EXERCISE DETAILS: Retype exactly what runs from the first line of the data to the line with "4PCS ET Alien", keeping both of those lines and skipping pictures.

Pictures with short captions
§

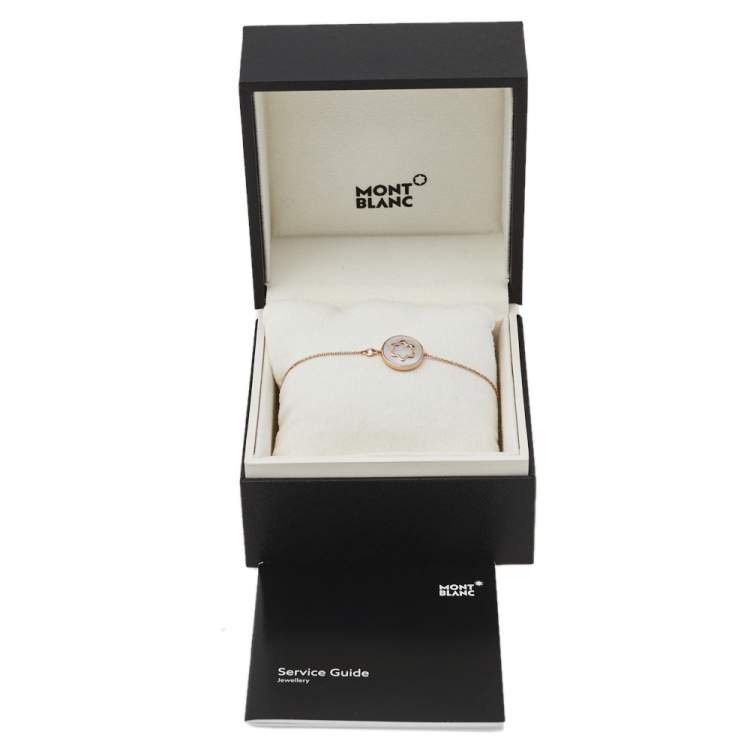 Pre Owned Montblanc Signet Mother of Pearl Diamond 18K Rose Gold Bracelet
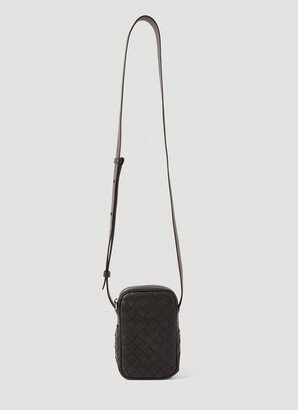 Intrecciato Phone Pouch Crossbody Bag - Man Crossbody Bags Black One Size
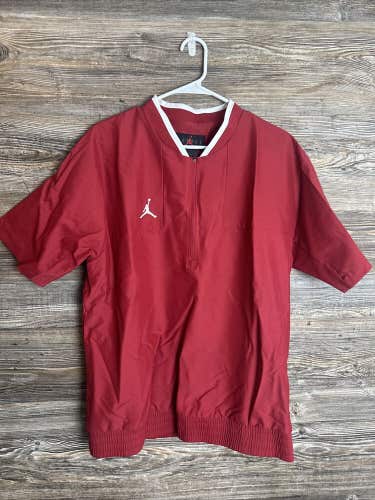 Nike Air Jordan Men's Size Large Team Crimson 1/2 Zip Coaches Jacket CV5858-613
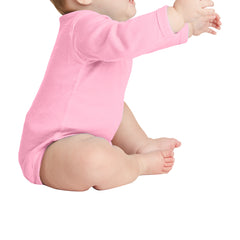 Infant Long Sleeve Baby Rib Bodysuit - Pink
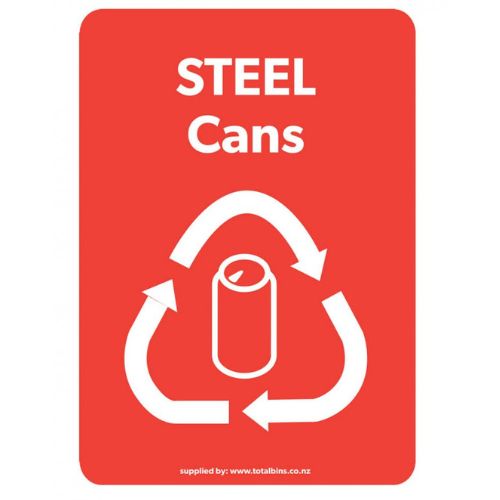A4 Colour Recycling Label Red Steel Cans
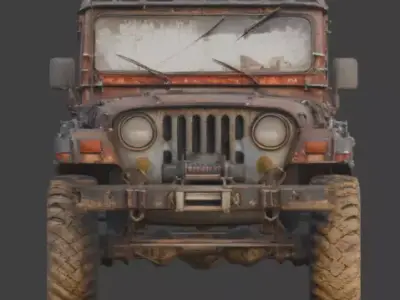 Damaged Post Apocalyptic Off Road Jeep 3D Model V07 Low-poly 3D model
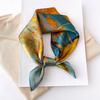 Stampa Pittura ad Olio Albero Fazzoletto da Collo Classico Imitazione Seta Sciarpa Quadrata Traspirante Bandana Fascia per Capelli Accessori per Capelli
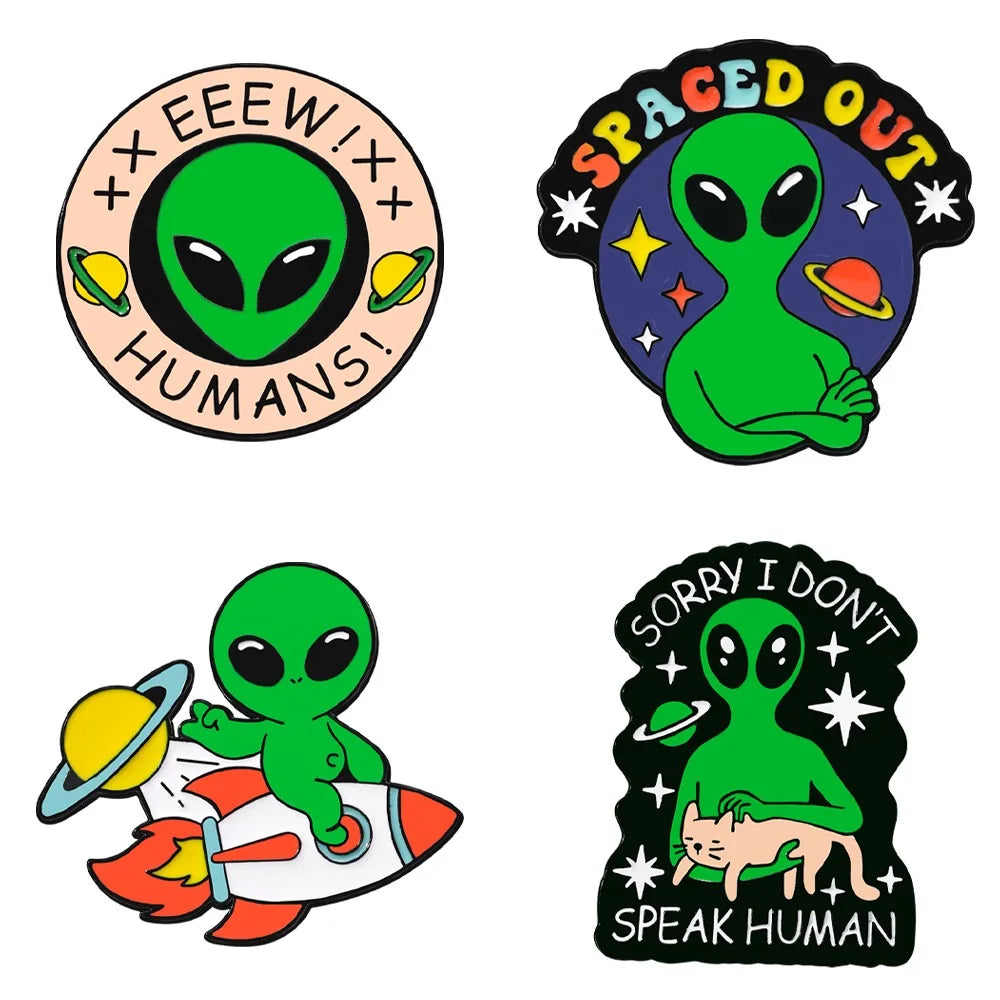 4PCS ET Alien Enamel Pin UFO We Come To Party Save A Horse Ride A Cow Funny Cowboy Western Brooches Lapel Backpack Badge Jewelry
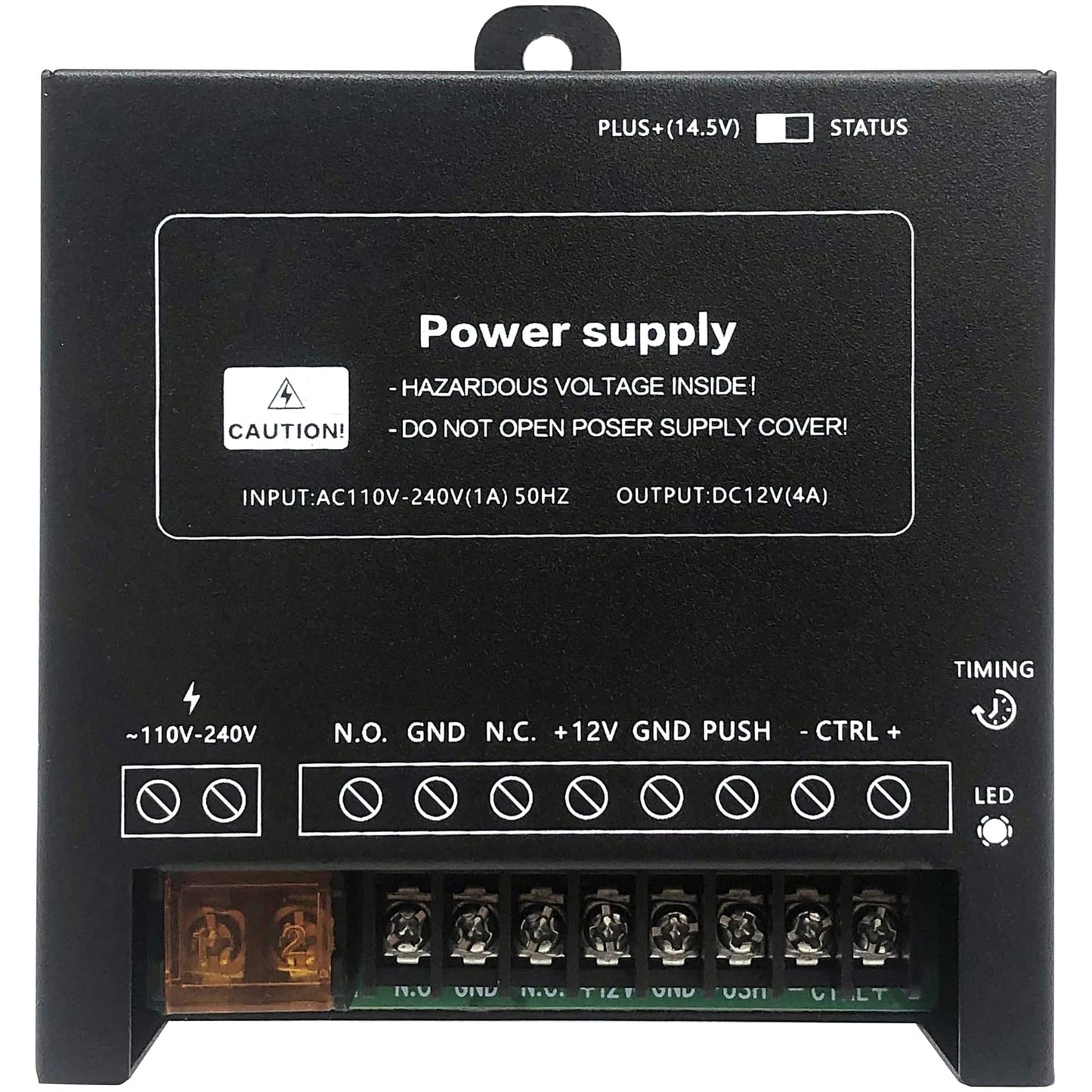 Waterproof Electric Magnetic Fingerprint Door Access Control Kit - 1200 lb Holding Force, RFID Keypad/Reader, 5 ID Cards, 110V Power Supply & Metal
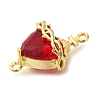 Brass FireBrick Cubic Zirconia Sacred Heart of Jesus Connector Charms X-KK-R002-27G-02-2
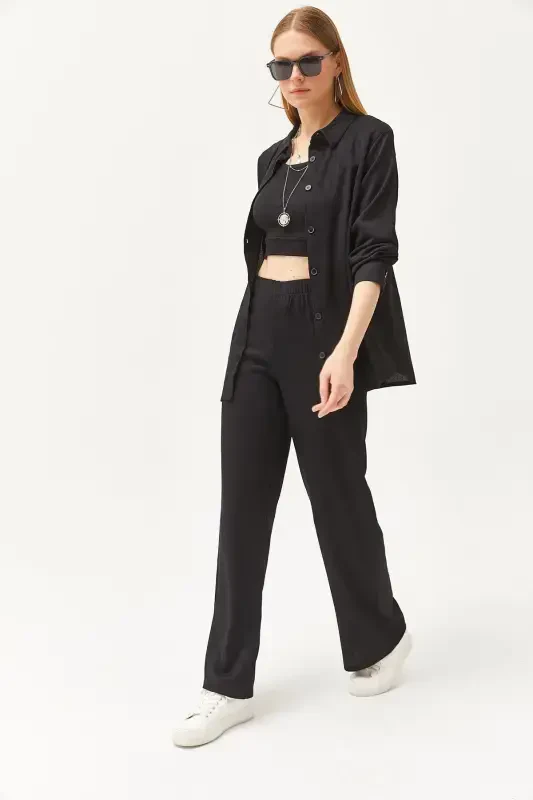 Women Black Shirt Blouse Pants 3-Piece Suit TKM-19 - OLALOOK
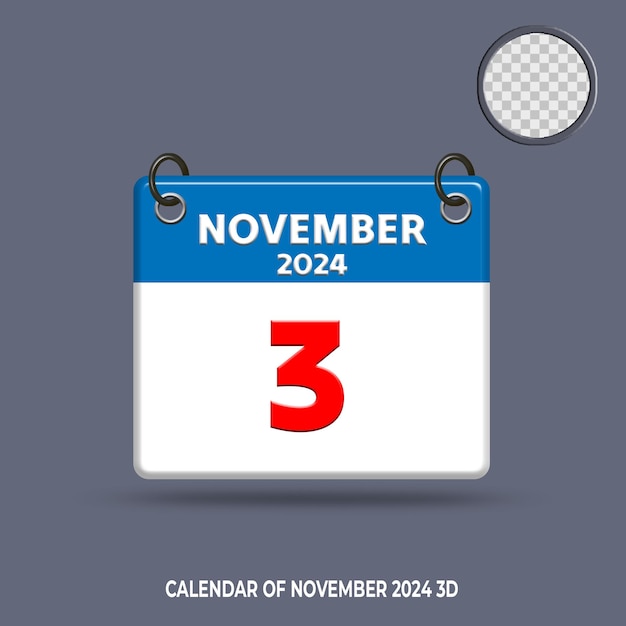 Calendario 3d data di novembre 2024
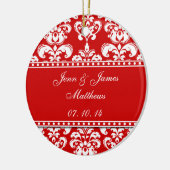 Red Damask Names Date Wedding Ornaments Keramisch Ornament (Links)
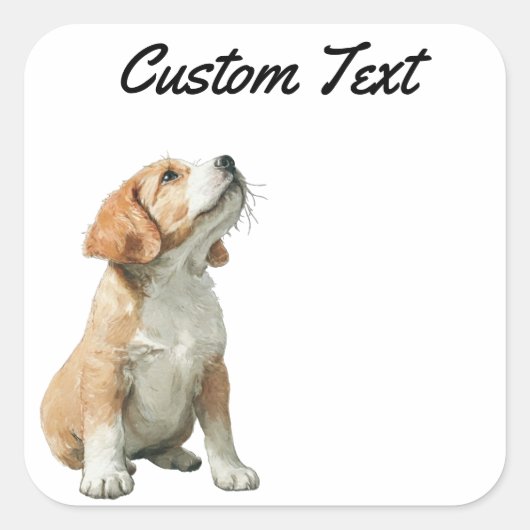 Looking Up Puppy-2 | Personalized Custom Text Vierkante Sticker (Voorkant)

§

ANSWER SECTION:
 Pre Owned Montblanc Signet Mother of Pearl Diamond 18K Rose Gold Bracelet
 Intrecciato Phone Pouch Crossbody Bag - Man Crossbody Bags Black One Size
 Nike Air Jordan Men's Size Large Team Crimson 1/2 Zip Coaches Jacket CV5858-613
 Infant Long Sleeve Baby Rib Bodysuit - Pink
A4 Colour Recycling Label Red Steel Cans
 Damaged Post Apocalyptic Off Road Jeep 3D Model V07 Low-poly 3D model
 Stampa Pittura ad Olio Albero Fazzoletto da Collo Classico Imitazione Seta Sciarpa Quadrata Traspirante Bandana Fascia per Capelli Accessori per Capelli
 4PCS ET Alien Enamel Pin UFO We Come To Party Save A Horse Ride A Cow Funny Cowboy Western Brooches Lapel Backpack Badge Jewelry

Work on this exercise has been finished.